= Activity =
Repeat only the lines from the one that contains "Columbia Mesh Trucker" through the final line of the listing below, exactly, please, without pictures.

Data in this exercise: Begin

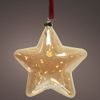 Kaemingk / Pendant lamp Breze Star 20 cm, 15 micro LED lamps, battery operated, glass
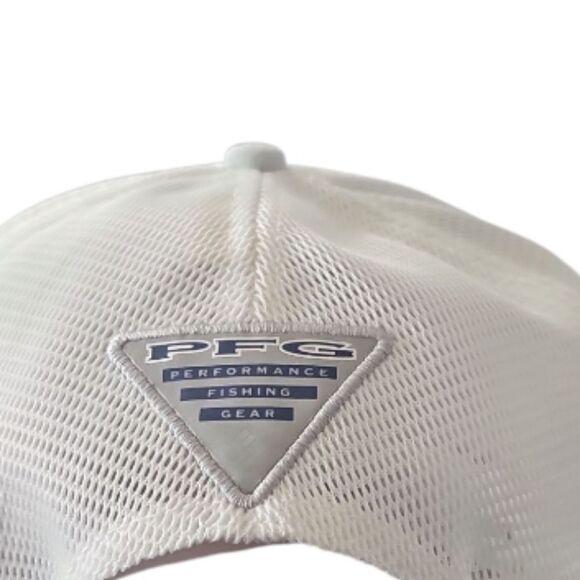 Columbia Mesh Trucker Hat PFG Performance Fishing Cap Gray Adjustable Unisex - Picture 11 of 11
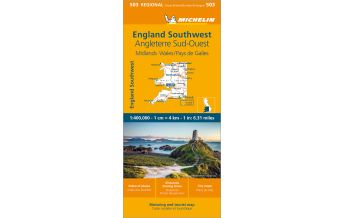 Road Maps Michelin Wales, England Süd-West, Midlands Michelin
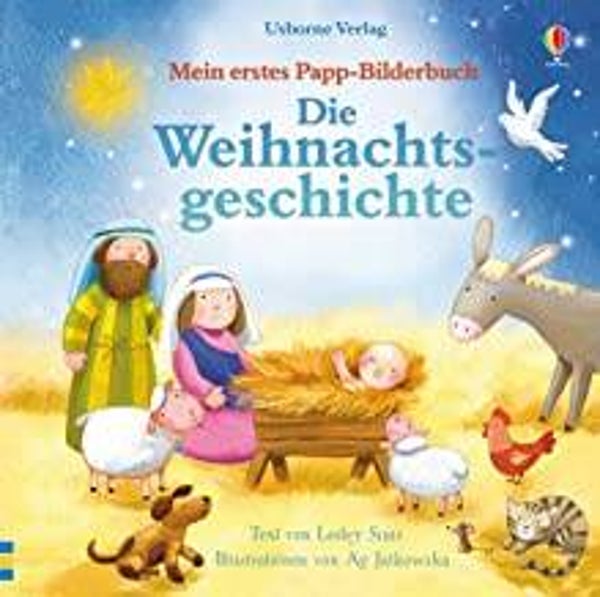 USBORNE Mein erstes Papp-Bilderbuch Die Weihnachtsgeschichte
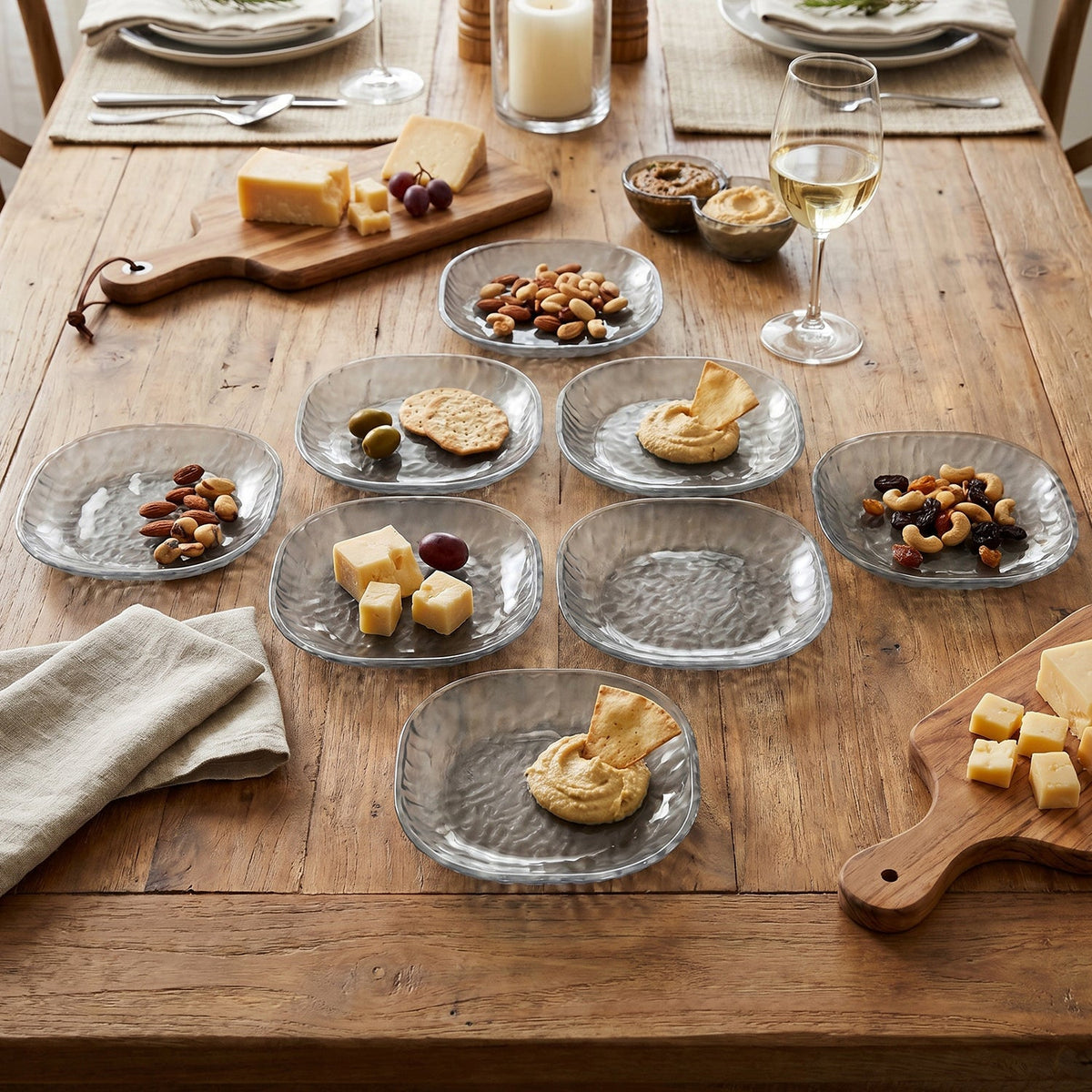 9 in 1 Snack Serving Plates – Multipurpose Organizer – detail view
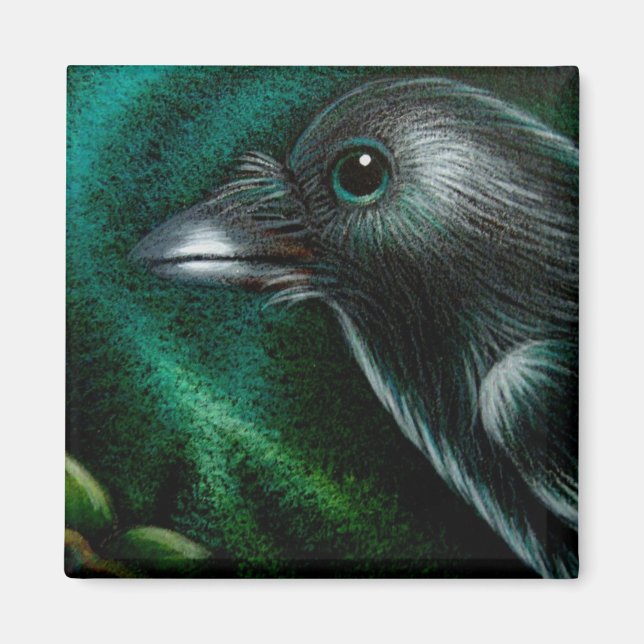 RAVEN CROW NORDLICHTS MAGNET (Vorne)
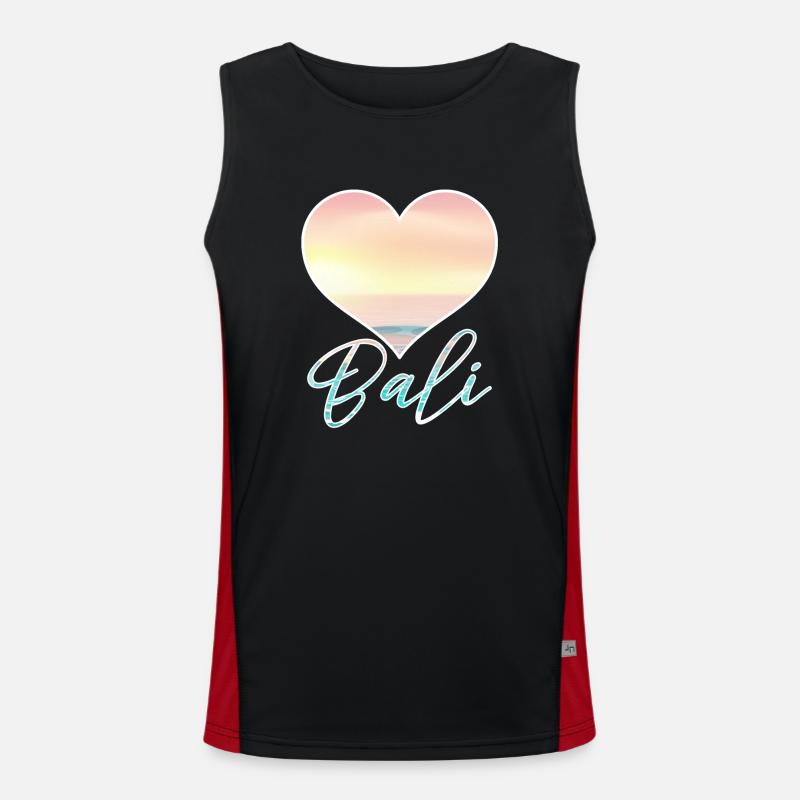 Bali - Indonesia Men's Functional Contrast Tank Top 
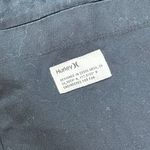 Hurley  Overalls Women's Size Medium Black 100% Cotton Front Zip Adjustable‎ Photo 7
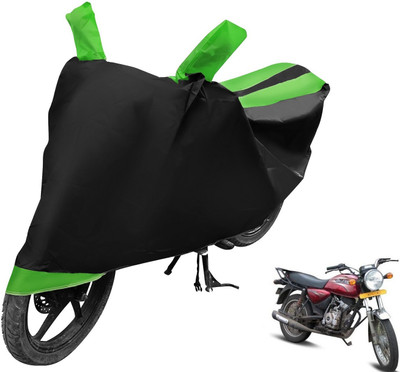 Auto Hub Two Wheeler Cover for Bajaj(Boxer AT, Black, Green)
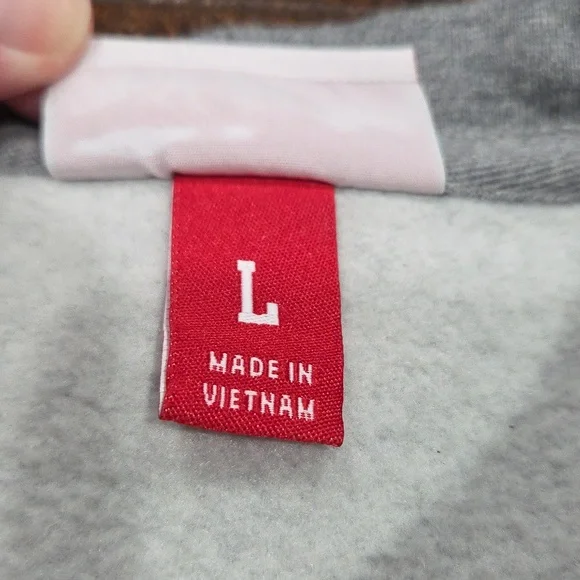 New Orleans Pelicans Basketball Gray Sweatshirt By Mitchell & Ness - Picture 6 of 9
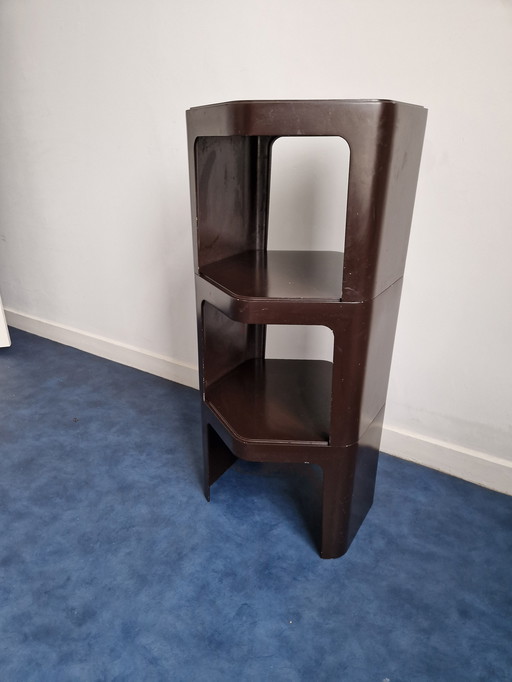 Ensemble de 3 tables d'appoint hexagonales modulaires Peter Ghyczy années 1970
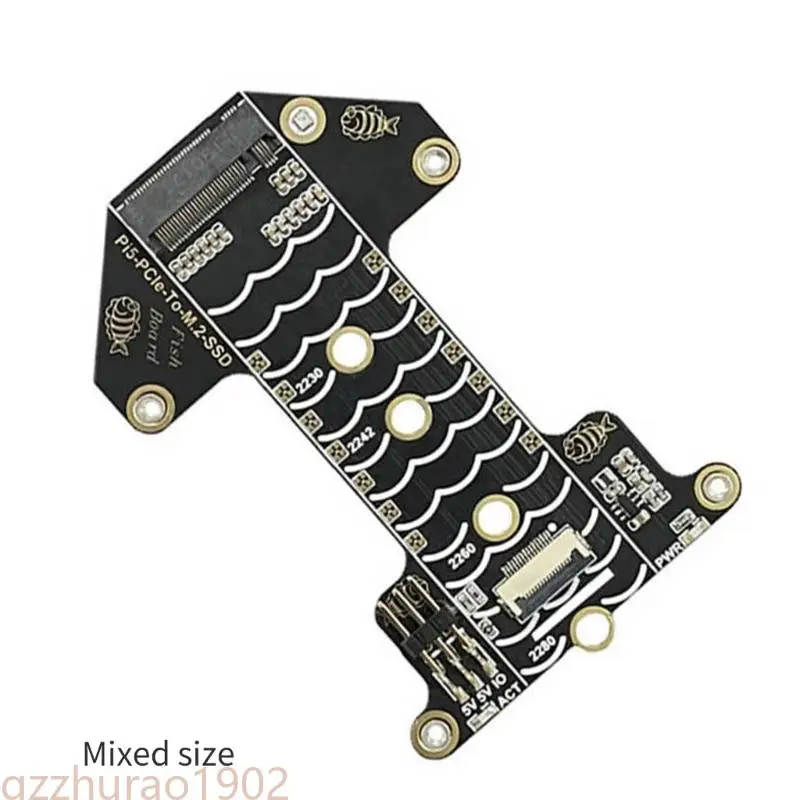 97QB para RPI 5 PCIe a M.2 NVME SSD Adaptador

Data in this exercise: End

= Answer to the exercise =
 Columbia Mesh Trucker Hat PFG Performance Fishing Cap Gray Adjustable Unisex - Picture 11 of 11
 Road Maps Michelin Wales, England Süd-West, Midlands Michelin
 USBORNE Mein erstes Papp-Bilderbuch Die Weihnachtsgeschichte
 9 in 1 Snack Serving Plates – Multipurpose Organizer – detail view
 RAVEN CROW NORDLICHTS MAGNET (Vorne)
 Bali - Indonesia Men's Functional Contrast Tank Top 
 Hurley  Overalls Women's Size Medium Black 100% Cotton Front Zip Adjustable‎ Photo 7
 Auto Hub Two Wheeler Cover for Bajaj(Boxer AT, Black, Green)
 New Orleans Pelicans Basketball Gray Sweatshirt By Mitchell & Ness - Picture 6 of 9
 Ensemble de 3 tables d'appoint hexagonales modulaires Peter Ghyczy années 1970
 97QB para RPI 5 PCIe a M.2 NVME SSD Adaptador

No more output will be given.